I love the story of Marshall Jefferson going out and spending a huge amount of money on equipment he had no idea about or how to work and all his mates cracking up at him but as they say he who laughs last and one thing Marshall Jefferson can do alongside make a classic house record is laugh. And he's loud. Anyway, we digress. The book that comes with this set starts with the quote, 'The street finds its own use for things' from William Gibson. You can apply that to many things (skateboarding for example) but here lets talk 303's, 606's, 808s and 909s. Thank you Roland. You made a lot of young people very very happy.
We know Disco bred House and we know the story of Farley's foot (Farley Funk putting a kick under Disco records and creating a genre) and we know the story of 'On & On' by Jesse Saunders laying claim to be the first record to make it to wax, but alongside this you had the Marshalls, the Larry Heards and the Jamie Principles (a bedroom Prince if there ever was one). People with soul bones itching to get their music out as quickly as possible to hear it in the local nightclubs or hopefully at the hands of Ron Hardy.
The producers put House and its creation at the feet of Hardy. A DJ with a notorious attitude to life and a high energy sound but also one with the ability to drop a slow number like 'Maureen' by Sade or a weird German pop record and make it work. So we have Farley and his foot, and Marshall (and his ecstasy strings) making tracks and getting them played on cassette via Hardy. This in turn leads to labels getting on board and Trax starting. Maybe a quick buck was seen at the time but the scale of sales must have taken them by surprise at the label. I imagine they saw it as very much a localised Chicago scene but when the phone starts ringing from London and you have Pete Tong at a major label wanting to sign your artists then you know you're onto something. Trax did and they got it right over and over again.

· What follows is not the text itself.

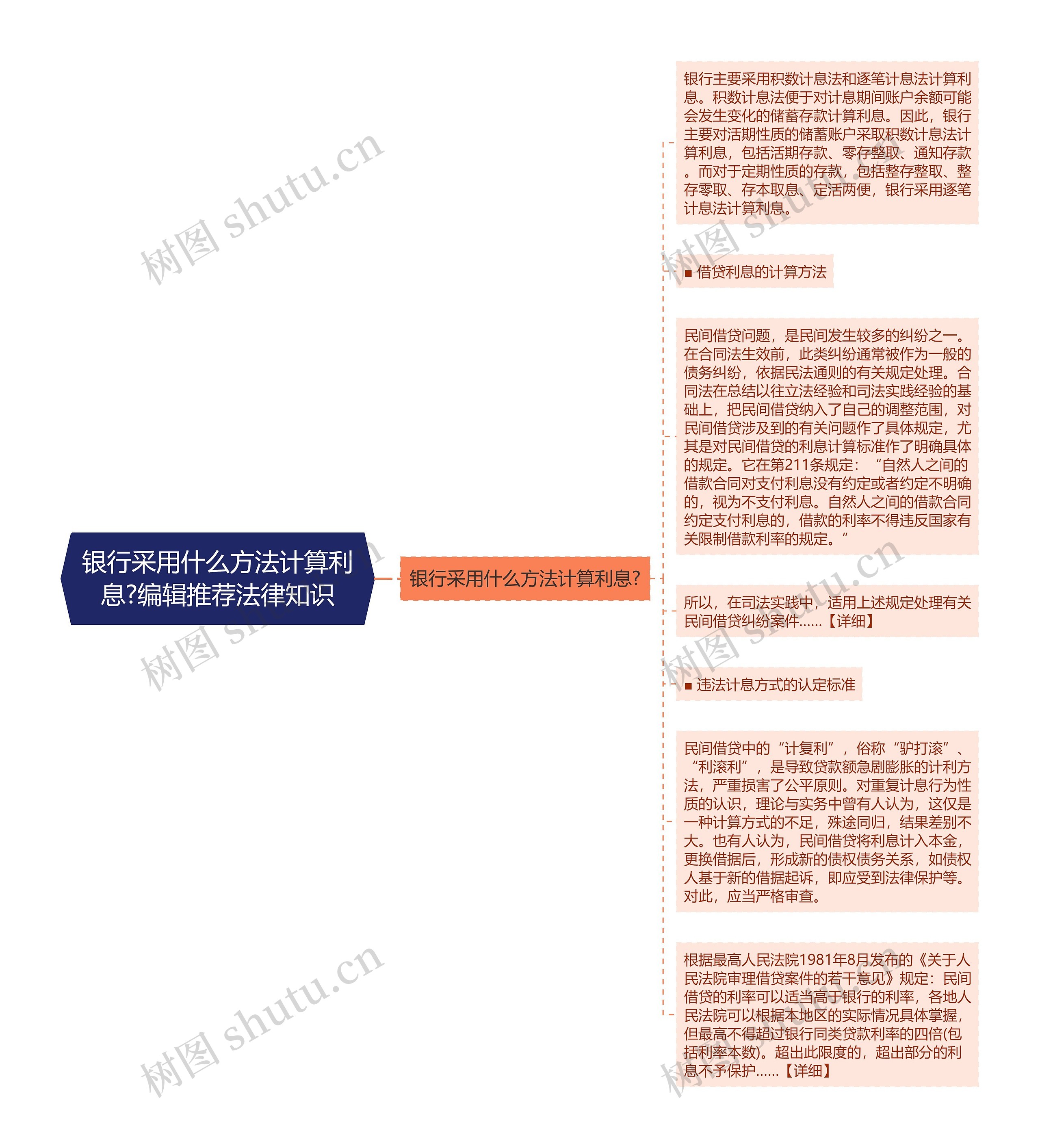 银行采用什么方法计算利息?编辑推荐法律知识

And then along comes a young DJ Pierre with a box made for bass practice that he had abused, and as Gibson is saying, took somewhere totally different to that that its creator intended. The 303 was, and is, the sound of Acid House. It's even the name. And as names go I am not sure you get a tighter fit. It squelches and makes total sense over a very simple raw rhythm. Pierre sussed this and let it ride. If you've never er released your body to an Acid record on the dance floor with 100 like minded souls then you are missing one of the finest things in life.
So how did it end? Well the business got messy, people felt they weren't being paid but that's not the point here. As Jefferson says, 'Everybody in Chicago at that time got their education down at Trax Records.' This box is the roots and history in one place and it'll be worth every penny of your hard earned. This box IS House music. Let's go.
The Trax Box is out now on Harmelss Records via Demon.